New York Zimmerman protest
To America haters, race hustlers, celebrity ass clowns and their compliant allies in the media, George Zimmerman’s acquittal proves it is open season on young black men. In their world it is forever 1955—Rosa Parks decides to sit in the front of her Montgomery bus; the horror of Emmett Till’s brutal murder painfully fresh.

Perversely, they delight in the image of a nation where white privilege reigns over a subjugated black and brown minority. Forget that it’s not even true. The race-baiters want us to hate one another; fomenting rage in the already discontented African-American community.

Protests, filled with angry people madder than hell at something they can’t even articulate, are popping up in cities across the country. A few have spiraled out of control: stores trashed, streets blocked, cars and American flags set afire, and, not surprisingly, vicious assaults on innocent bystanders. If Al Sharpton and the New Black Panthers have their way, this ugliness will only get worse.

If only we could stop the madness! If only there was someone who could offer an exulting message of unity and optimism.

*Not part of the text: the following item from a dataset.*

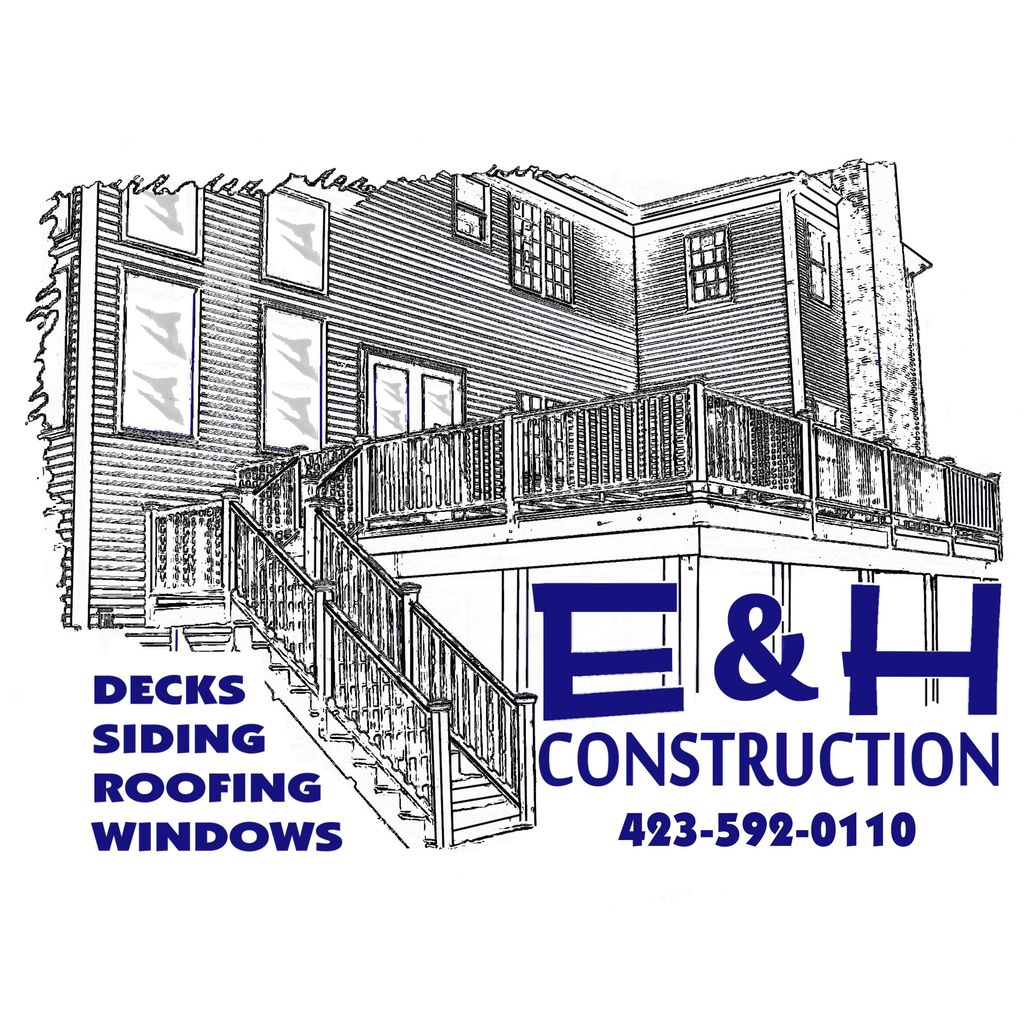 E&H construction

There is one such person. Barack Obama.

Of course, he hasn’t done any such thing. Yes, the President tossed off an uninspired statement after the verdict saying mostly the right things, though he didn’t acknowledge the Zimmerman family and managed to insert a pitch for gun control. It didn’t hurt (unlike his “if I had a son, he’d look like Trayvon” comments last year), but it hasn’t helped, either.

Since Obama isn’t using his bully pulpit to lift us above our differences, I’m going to help him—free of charge. Our President, sitting in the Oval Office, delivering a short, inspirational speech:

My fellow Americans. I am taking this opportunity to talk to you about justice in the face of unspeakable tragedy: the devastating intersection of two young men in Sanford, Florida on a cold, wet night last year when 17-year-old Trayvon Martin was shot and killed by George Zimmerman. This case has captured our hearts and our minds. It has also, sadly, divided our great nation by opening racial wounds we all hoped had long healed.

By now, we’re all familiar with the circumstances. Martin was unarmed, Zimmerman shot him in a fracas that ensued after following the teen. Some Americans, especially those from the African-American community, looked at this as a clear case of racial profiling; others disagreed and felt Mr. Zimmerman was acting in self-defense.

Only God and the two men involved really know what happened that night. Viewed through a prism of race and culture, however, our perspectives have differed—sometimes dramatically.

My heart goes out to Trayvon’s parents whose searing grief will last long after the headlines have faded; no parent should ever have to experience the untimely death of a child. Mr. Zimmerman’s family has also suffered tremendously throughout this ordeal. Nobody walks away winning.

But whatever our opinions leading up to the trial, Mr. Zimmerman was presumed innocent until proven guilty, and unlike many areas of the world where justice is arbitrary and shrouded in secrecy, we were able to watch in real-time as the case unfolded. The jury rendered its verdict. Justice was served.

That is our system; a great system that doesn’t bend to the political winds of the moment, one that doesn’t succumb to emotional appeals no matter how powerful they may be. We have to remember that, especially when we don’t agree with the outcome and even more so when the decision reminds us of past injustices.

Indeed, the journey to guarantee equality for all Americans has been painful and at great cost: From the conflicts of the Civil War through Civil Rights, hundreds of thousands have fought and died to enable once enslaved people become equal partners in the great American dream. Me sitting here today and talking to all of you as President of the United States is proof that the dream is real.

We are blessed to live in the most exceptional nation the world has ever known. Sometimes, we may wish things would be different. We can work on that. But be assured that in the United States of America, in matters that unite or divide us, the ultimate outcome will be just.

God bless you and God bless America.